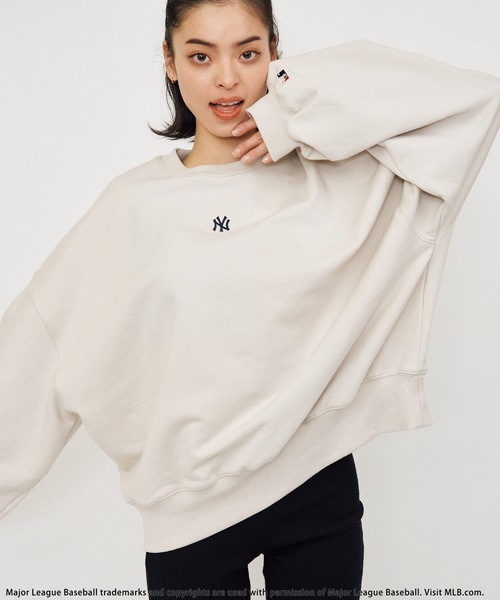 BACK TO THE FIELD（バック トゥー ザ フィールド）の「【MLB】オーバーサイズワンポイントロゴトップス（スウェット・レディース・ベージュ/ネイビー/キャメル・FREE）」の20枚目の写真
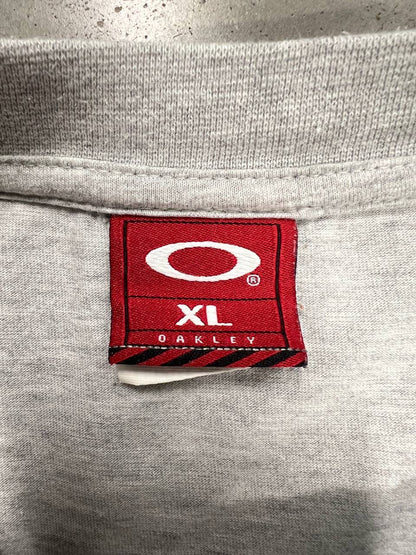 00s Vintage Oakley T-Shirt Center Logo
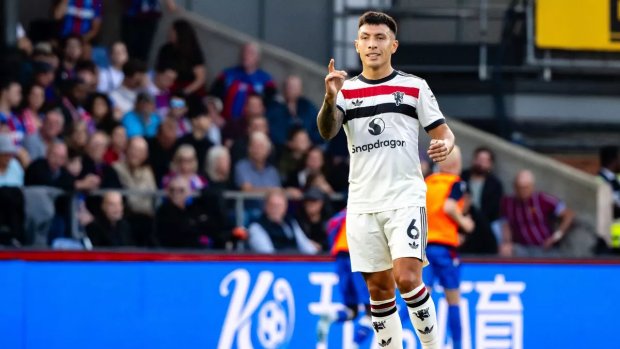 Ảnh bài viết "Lý do duy nhất khiến Lisandro không nhận thẻ đỏ trực tiếp"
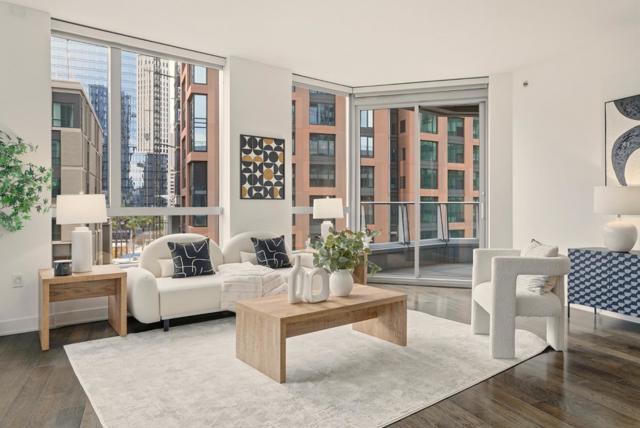 318 Main Street, San Francisco CA: https://media.crmls.org/mediaz/bccf531d-9eca-4836-b177-8604a45cba99.jpg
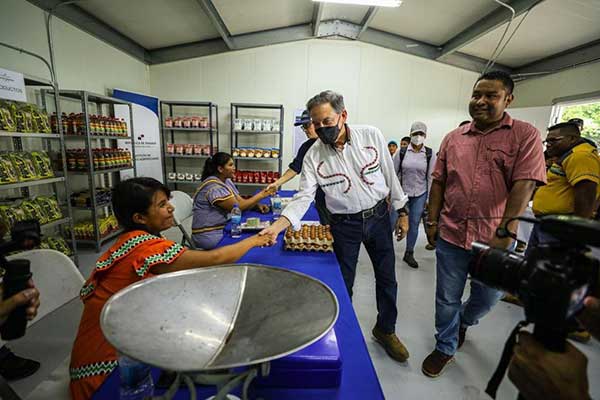 Gobierno inaugura agrodistribuidora y seis escuelas en comarca Ngäbe Buglé, con inversión de más de B/.13 millones
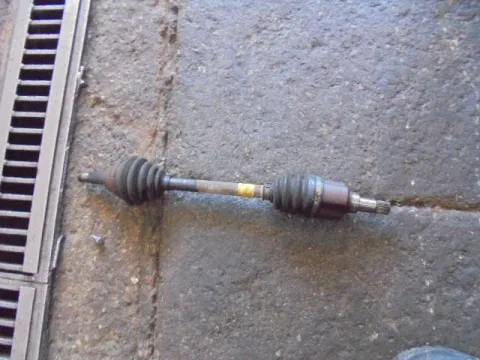 Ημιαξόνιο Εμπρός Αριστερό για FORD FIESTA (2002 - 2005) Mk5a  Ημιαξόνιο Εμπρός Αριστερό για FORD FIESTA (2002 - 2005) Mk5a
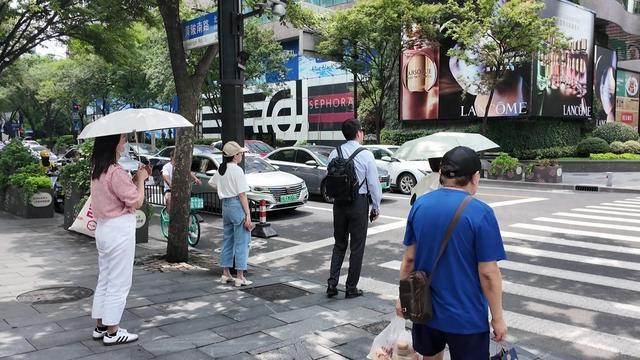 未来高温仍将持续，台风“云雀”对申城有影响吗→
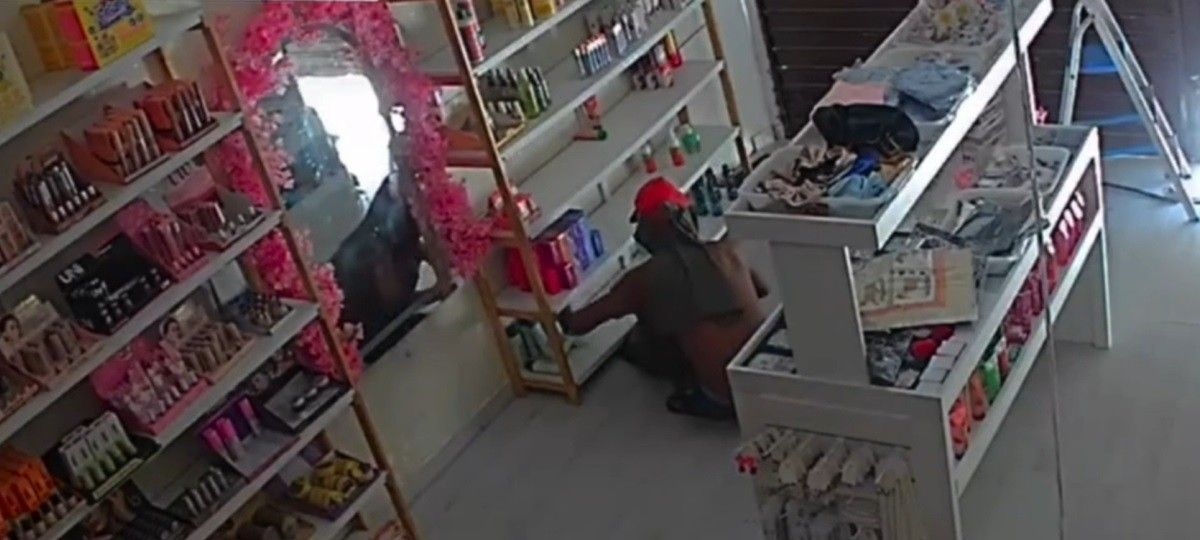 Furto em loja na Pajuçara com invasão duas vezes
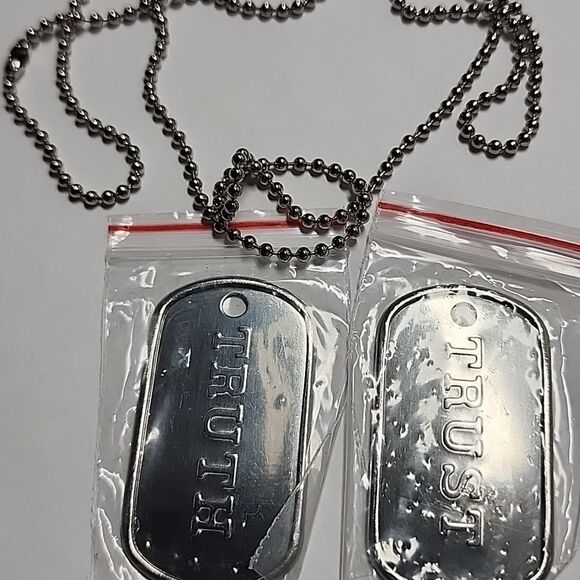 Silver Dog Tag Necklace Trust Truth - Picture 2 of 3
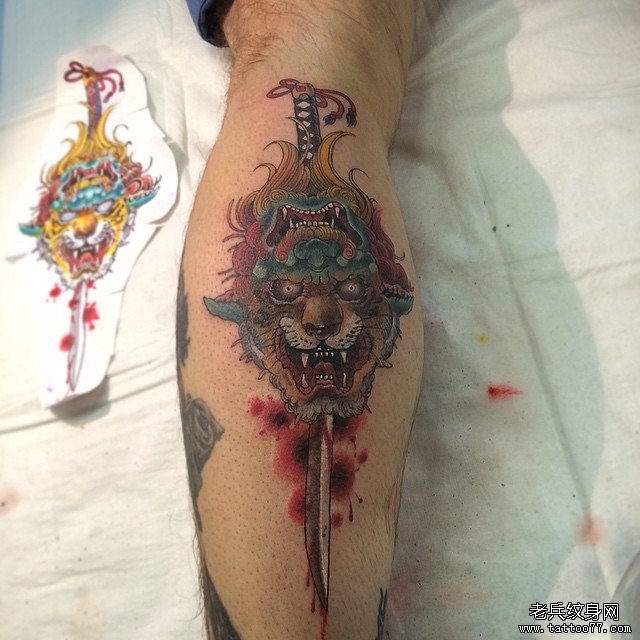 传统老虎匕首彩绘小腿纹身图案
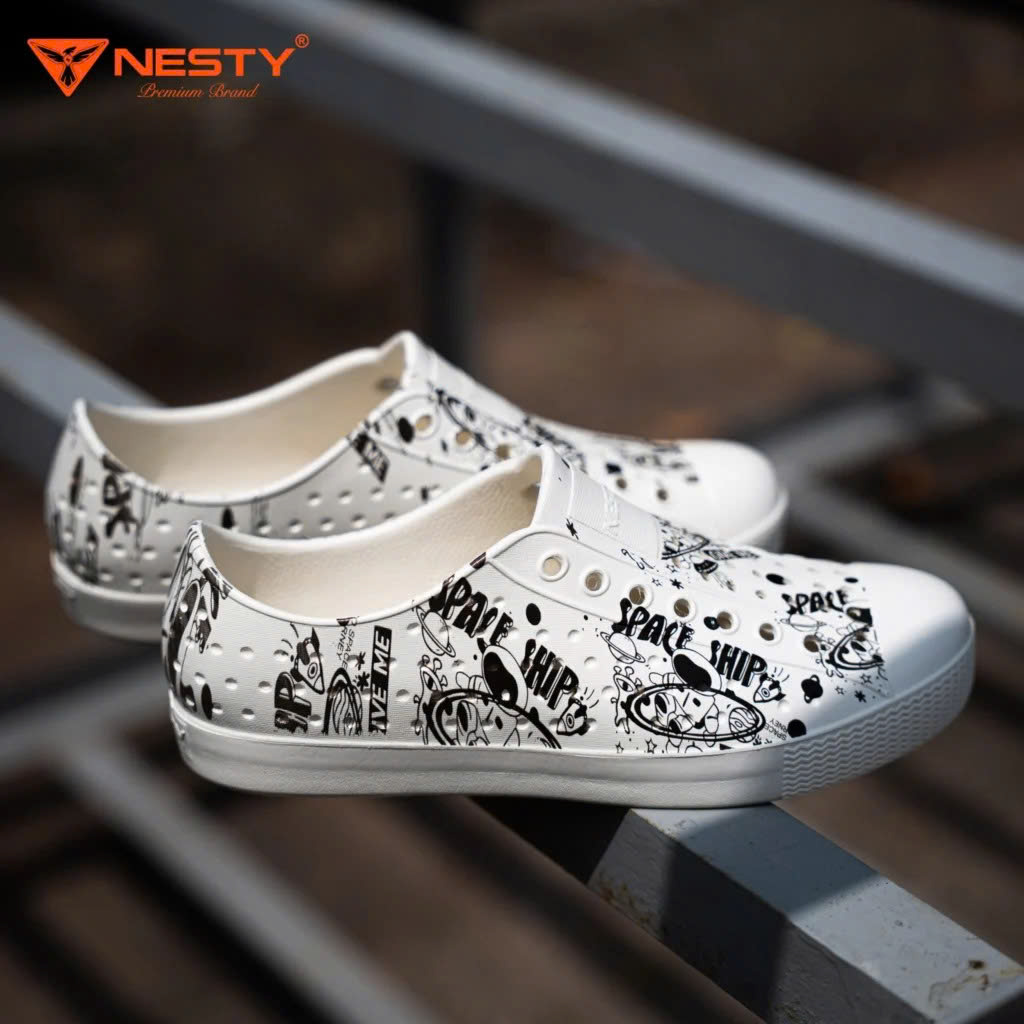 Giày Snesker in hoạ tiết NESTY NE40-9.KEM
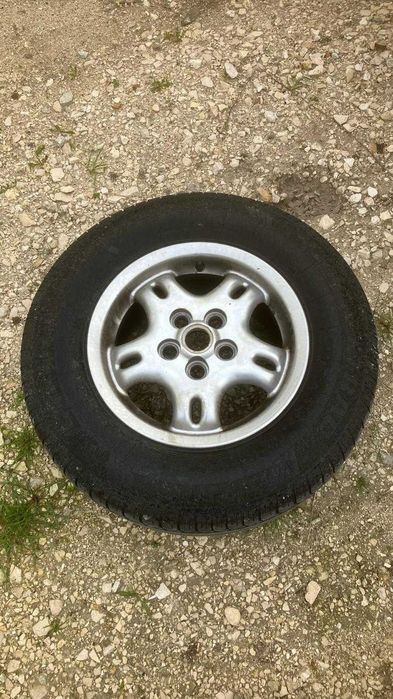 4 Jantes R16 + 4 Pneus
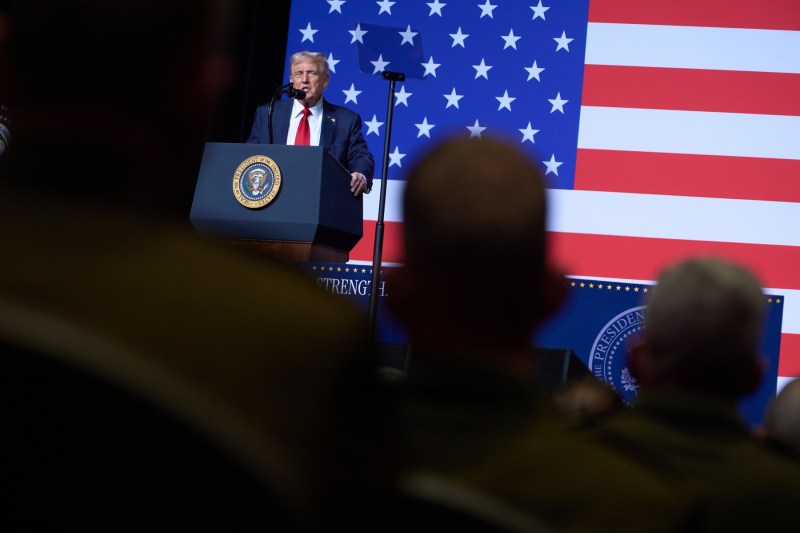 Video in front of American generals, Trump told how to ironize Putin:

▶ [Exercise description]: What you return should be all of the material above, exactly, and none of its pictures.

▶ [Task solution]:
 BACK TO THE FIELD（バック トゥー ザ フィールド）の「【MLB】オーバーサイズワンポイントロゴトップス（スウェット・レディース・ベージュ/ネイビー/キャメル・FREE）」の20枚目の写真
 00s Vintage Oakley T-Shirt Center Logo
 Ảnh bài viết "Lý do duy nhất khiến Lisandro không nhận thẻ đỏ trực tiếp"
 318 Main Street, San Francisco CA: https://media.crmls.org/mediaz/bccf531d-9eca-4836-b177-8604a45cba99.jpg
 Gobierno inaugura agrodistribuidora y seis escuelas en comarca Ngäbe Buglé, con inversión de más de B/.13 millones
 Ημιαξόνιο Εμπρός Αριστερό για FORD FIESTA (2002 - 2005) Mk5a  Ημιαξόνιο Εμπρός Αριστερό για FORD FIESTA (2002 - 2005) Mk5a
 未来高温仍将持续，台风“云雀”对申城有影响吗→
 Furto em loja na Pajuçara com invasão duas vezes
 Silver Dog Tag Necklace Trust Truth - Picture 2 of 3
 传统老虎匕首彩绘小腿纹身图案
 Giày Snesker in hoạ tiết NESTY NE40-9.KEM
 4 Jantes R16 + 4 Pneus
 Video in front of American generals, Trump told how to ironize Putin:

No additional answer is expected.